* **What to do**: Give back exactly the lines of the entries below from the line with "2. Choroid plexus" to the line with "ETHE1 Antibody in", inclusive, and only those.

* **Source information**:
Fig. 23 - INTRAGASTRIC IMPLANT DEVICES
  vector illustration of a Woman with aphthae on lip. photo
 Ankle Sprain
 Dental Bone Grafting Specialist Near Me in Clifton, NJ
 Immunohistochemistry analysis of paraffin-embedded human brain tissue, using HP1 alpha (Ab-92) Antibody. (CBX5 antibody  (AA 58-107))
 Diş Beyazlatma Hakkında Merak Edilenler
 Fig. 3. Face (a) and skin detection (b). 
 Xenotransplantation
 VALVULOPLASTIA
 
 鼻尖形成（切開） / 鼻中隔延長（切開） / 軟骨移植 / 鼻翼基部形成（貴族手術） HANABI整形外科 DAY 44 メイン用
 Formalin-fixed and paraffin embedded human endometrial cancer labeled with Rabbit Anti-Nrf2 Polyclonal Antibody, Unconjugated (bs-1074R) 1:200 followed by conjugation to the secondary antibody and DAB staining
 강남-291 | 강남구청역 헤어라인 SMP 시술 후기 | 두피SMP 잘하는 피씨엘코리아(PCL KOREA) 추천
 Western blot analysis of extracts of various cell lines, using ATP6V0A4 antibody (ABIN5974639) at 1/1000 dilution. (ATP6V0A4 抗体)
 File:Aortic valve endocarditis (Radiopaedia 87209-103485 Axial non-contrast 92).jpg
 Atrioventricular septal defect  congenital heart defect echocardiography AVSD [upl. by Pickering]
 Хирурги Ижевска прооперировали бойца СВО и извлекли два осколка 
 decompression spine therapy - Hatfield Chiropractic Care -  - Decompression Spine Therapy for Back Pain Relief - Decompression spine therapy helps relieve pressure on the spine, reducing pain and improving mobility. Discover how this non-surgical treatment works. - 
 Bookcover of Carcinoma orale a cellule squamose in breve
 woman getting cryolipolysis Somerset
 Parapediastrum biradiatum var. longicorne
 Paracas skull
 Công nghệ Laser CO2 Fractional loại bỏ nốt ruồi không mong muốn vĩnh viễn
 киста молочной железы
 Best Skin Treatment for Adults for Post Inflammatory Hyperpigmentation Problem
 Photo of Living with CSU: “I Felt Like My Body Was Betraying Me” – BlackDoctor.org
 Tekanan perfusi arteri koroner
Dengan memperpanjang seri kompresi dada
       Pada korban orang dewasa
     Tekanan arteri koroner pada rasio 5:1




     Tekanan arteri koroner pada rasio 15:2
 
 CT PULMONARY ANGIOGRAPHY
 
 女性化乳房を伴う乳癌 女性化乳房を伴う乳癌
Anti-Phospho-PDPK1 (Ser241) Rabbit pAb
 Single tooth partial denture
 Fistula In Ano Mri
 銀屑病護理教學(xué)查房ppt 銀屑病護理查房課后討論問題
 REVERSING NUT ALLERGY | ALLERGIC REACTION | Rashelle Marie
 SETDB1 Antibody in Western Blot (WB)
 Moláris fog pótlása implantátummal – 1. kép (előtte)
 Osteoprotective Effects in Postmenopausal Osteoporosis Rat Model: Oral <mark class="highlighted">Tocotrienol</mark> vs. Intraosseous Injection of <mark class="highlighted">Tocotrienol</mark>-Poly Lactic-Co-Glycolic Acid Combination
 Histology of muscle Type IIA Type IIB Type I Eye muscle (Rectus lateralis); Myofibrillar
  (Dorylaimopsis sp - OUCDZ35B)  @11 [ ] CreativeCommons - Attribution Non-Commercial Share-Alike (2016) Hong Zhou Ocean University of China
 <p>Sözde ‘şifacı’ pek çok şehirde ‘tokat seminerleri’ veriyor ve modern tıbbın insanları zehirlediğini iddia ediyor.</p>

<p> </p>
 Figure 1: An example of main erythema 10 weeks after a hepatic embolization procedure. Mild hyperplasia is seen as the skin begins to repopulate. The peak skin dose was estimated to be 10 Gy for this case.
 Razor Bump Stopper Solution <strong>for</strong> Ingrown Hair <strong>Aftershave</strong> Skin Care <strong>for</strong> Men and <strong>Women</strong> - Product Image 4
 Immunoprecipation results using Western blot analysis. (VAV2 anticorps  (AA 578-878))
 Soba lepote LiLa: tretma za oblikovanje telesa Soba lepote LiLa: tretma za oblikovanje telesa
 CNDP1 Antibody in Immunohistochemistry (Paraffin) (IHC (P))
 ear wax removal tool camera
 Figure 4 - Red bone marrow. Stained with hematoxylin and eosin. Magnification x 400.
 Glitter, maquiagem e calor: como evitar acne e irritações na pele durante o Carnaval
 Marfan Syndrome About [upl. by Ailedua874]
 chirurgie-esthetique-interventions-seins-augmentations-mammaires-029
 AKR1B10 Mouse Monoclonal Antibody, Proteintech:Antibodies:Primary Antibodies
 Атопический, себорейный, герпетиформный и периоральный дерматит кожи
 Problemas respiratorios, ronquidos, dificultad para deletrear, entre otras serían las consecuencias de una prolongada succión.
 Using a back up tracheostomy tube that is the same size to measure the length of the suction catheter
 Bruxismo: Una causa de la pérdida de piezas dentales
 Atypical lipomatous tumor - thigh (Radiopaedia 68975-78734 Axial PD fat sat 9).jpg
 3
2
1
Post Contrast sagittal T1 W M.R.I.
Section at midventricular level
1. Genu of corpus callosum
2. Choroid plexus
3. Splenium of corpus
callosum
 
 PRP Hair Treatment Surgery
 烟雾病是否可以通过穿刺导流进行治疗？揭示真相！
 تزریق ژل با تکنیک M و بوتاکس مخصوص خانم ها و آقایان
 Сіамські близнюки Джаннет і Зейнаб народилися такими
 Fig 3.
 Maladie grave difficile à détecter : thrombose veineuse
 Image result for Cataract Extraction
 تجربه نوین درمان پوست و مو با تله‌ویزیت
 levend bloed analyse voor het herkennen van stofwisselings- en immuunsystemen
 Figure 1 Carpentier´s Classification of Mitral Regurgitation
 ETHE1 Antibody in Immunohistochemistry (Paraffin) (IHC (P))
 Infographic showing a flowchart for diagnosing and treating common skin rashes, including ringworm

* **Exercise response**:
2. Choroid plexus
3. Splenium of corpus
callosum
 
 PRP Hair Treatment Surgery
 烟雾病是否可以通过穿刺导流进行治疗？揭示真相！
 تزریق ژل با تکنیک M و بوتاکس مخصوص خانم ها و آقایان
 Сіамські близнюки Джаннет і Зейнаб народилися такими
 Fig 3.
 Maladie grave difficile à détecter : thrombose veineuse
 Image result for Cataract Extraction
 تجربه نوین درمان پوست و مو با تله‌ویزیت
 levend bloed analyse voor het herkennen van stofwisselings- en immuunsystemen
 Figure 1 Carpentier´s Classification of Mitral Regurgitation
 ETHE1 Antibody in Immunohistochemistry (Paraffin) (IHC (P))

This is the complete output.